Over 698,000 strictly plumbing related posts
Plumbing education, information, advice, help and suggestions are provided by some of the most experienced plumbers who wish to "give back" to society. Since 1996 we have been the best online (strictly) PLUMBING advice site. If you have questions about plumbing, toilets, sinks, faucets, drains, sewers, water filters, venting, water heating, showers, pumps, and other strictly PLUMBING related issues then you've come to the right place. Please refrain from asking or discussing legal questions, or pricing, or where to purchase products, or any business issues, or for contractor referrals, or any other questions or issues not specifically related to plumbing. Keep all posts positive and absolutely no advertising. Our site is completely free, without ads or pop-ups and we don't tract you. We absolutely do not sell your personal information. We are made possible by:
Author:
JoshRountree (NC)
I want to add a washer/dryer, but there isn't anything correct about my current DWV system. The house was built in 1972, so instead of adding onto shoddy work, I want to replace it all and make it right. Let me know what you think.

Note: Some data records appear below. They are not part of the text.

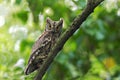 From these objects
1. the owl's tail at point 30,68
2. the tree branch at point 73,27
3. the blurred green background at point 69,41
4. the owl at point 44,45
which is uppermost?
the blurred green background at point 69,41

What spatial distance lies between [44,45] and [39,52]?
6 centimetres

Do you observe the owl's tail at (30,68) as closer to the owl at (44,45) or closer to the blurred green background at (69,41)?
the owl at (44,45)

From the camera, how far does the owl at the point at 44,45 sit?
2635 mm

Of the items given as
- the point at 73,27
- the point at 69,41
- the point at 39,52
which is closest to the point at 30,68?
the point at 39,52

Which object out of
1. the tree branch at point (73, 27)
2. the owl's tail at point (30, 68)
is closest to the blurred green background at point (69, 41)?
the owl's tail at point (30, 68)

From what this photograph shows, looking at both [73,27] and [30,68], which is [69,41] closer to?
[30,68]

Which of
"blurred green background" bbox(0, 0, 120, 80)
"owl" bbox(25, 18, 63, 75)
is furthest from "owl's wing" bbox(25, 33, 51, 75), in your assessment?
"blurred green background" bbox(0, 0, 120, 80)

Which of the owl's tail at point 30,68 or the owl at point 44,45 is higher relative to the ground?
the owl at point 44,45

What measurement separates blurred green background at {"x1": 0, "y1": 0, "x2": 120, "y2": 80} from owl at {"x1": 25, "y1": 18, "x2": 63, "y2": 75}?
152cm

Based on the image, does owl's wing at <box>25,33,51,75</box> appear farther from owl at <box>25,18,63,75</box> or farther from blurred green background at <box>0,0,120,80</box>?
blurred green background at <box>0,0,120,80</box>

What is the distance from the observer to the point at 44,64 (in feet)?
8.20

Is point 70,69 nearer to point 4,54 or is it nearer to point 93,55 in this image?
point 93,55

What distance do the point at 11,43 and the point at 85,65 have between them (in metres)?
0.89

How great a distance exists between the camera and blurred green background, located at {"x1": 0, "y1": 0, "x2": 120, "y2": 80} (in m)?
4.62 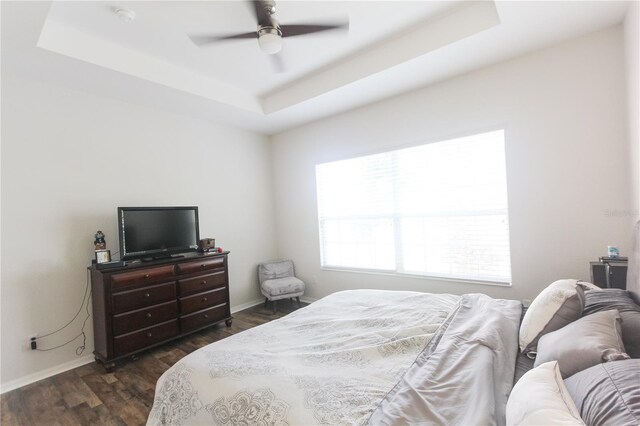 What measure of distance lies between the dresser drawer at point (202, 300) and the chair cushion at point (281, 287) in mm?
599

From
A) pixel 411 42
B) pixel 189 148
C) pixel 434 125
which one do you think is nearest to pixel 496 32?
pixel 411 42

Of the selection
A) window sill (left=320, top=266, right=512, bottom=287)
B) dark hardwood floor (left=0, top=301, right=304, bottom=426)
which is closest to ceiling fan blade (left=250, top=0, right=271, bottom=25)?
dark hardwood floor (left=0, top=301, right=304, bottom=426)

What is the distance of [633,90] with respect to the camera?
206 cm

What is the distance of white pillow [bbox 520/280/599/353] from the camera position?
4.64ft

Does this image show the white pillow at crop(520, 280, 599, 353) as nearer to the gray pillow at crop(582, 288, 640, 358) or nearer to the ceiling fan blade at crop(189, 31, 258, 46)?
the gray pillow at crop(582, 288, 640, 358)

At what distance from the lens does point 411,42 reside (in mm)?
2602

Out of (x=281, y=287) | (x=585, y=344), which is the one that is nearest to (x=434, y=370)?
(x=585, y=344)

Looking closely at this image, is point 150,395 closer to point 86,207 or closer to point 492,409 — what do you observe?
point 86,207

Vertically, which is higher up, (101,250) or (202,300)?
(101,250)

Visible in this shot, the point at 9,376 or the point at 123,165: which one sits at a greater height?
the point at 123,165

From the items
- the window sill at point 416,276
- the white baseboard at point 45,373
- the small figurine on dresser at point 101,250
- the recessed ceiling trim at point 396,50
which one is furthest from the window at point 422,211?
the white baseboard at point 45,373

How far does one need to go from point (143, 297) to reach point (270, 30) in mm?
2701

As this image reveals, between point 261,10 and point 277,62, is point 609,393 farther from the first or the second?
point 277,62

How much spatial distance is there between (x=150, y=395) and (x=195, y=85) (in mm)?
2954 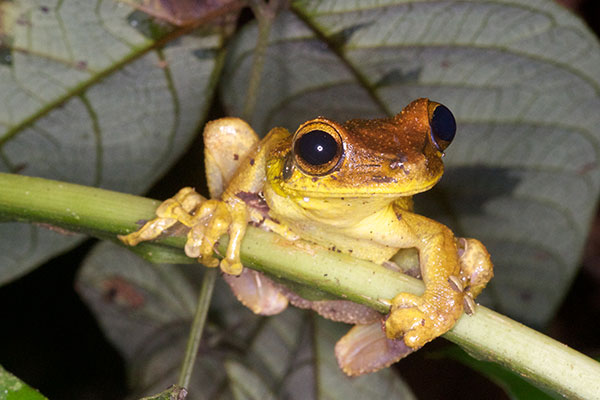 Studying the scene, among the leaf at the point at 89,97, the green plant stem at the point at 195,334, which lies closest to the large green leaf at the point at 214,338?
the leaf at the point at 89,97

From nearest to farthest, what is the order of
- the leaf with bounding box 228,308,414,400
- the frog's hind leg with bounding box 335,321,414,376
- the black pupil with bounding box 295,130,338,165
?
the black pupil with bounding box 295,130,338,165 < the frog's hind leg with bounding box 335,321,414,376 < the leaf with bounding box 228,308,414,400

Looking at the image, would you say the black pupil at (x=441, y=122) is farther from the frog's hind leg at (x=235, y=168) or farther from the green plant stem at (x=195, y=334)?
the green plant stem at (x=195, y=334)

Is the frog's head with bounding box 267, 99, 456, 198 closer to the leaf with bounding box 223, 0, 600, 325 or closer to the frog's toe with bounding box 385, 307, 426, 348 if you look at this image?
the frog's toe with bounding box 385, 307, 426, 348

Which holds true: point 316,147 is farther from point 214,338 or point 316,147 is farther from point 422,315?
point 214,338

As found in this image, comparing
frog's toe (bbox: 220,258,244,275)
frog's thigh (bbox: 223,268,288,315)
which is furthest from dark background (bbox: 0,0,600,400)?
frog's toe (bbox: 220,258,244,275)

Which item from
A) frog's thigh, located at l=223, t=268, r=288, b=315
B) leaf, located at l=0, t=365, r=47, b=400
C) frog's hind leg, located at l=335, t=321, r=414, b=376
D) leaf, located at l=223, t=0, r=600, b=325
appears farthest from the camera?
leaf, located at l=223, t=0, r=600, b=325

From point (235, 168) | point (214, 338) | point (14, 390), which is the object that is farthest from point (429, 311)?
point (214, 338) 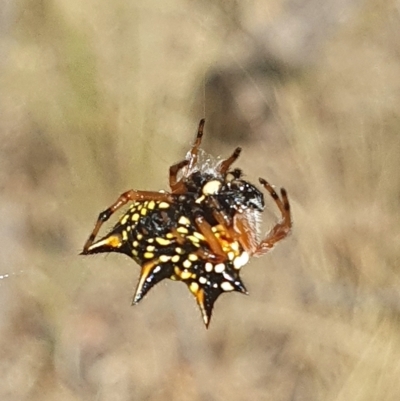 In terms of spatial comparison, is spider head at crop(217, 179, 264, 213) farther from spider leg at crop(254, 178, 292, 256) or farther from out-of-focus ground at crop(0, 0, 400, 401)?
out-of-focus ground at crop(0, 0, 400, 401)

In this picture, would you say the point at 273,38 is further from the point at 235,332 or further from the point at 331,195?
the point at 235,332

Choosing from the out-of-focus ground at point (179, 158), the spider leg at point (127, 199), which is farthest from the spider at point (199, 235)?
the out-of-focus ground at point (179, 158)

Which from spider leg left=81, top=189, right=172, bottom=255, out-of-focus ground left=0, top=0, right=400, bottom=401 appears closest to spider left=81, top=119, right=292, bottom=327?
spider leg left=81, top=189, right=172, bottom=255

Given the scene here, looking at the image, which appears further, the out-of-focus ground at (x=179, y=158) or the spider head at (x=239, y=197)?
the out-of-focus ground at (x=179, y=158)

I've got a before picture, and an after picture, plus two walk-through videos. I hope it's all clear. Thanks for any help!
Before:
After:
Inside Video:
[youtu.be]
Basement Video:
[youtu.be]
Edited 2 times.
|
Post Reply
|
Author:
Timsplumbing (MA)
You can not use san tees on there side or back only in the vertical position. besides that it looks ok.
|
Post Reply
|
Author:
JoshRountree (NC)
I don't have any on their side or back...?
***Edit***
What about in a dry vent?
Edited 1 times.
|
Post Reply
|
Author:
packy (MA)
other thsn the toilet not being vented, the kitchen not being vented, no cleanout at the foundation wall, no future vent, no cleanouts being shown and most of you piping diagram does not have the sizes of the pipes listed, the rest is barely OK. sorry
first correction would be to tie 2" lav drain into the toilet riser to wet vent the toilet thru the lav.
secondly, the kitchen vent must look like the others (lav and laundry). you can't vent from below the height of the trap.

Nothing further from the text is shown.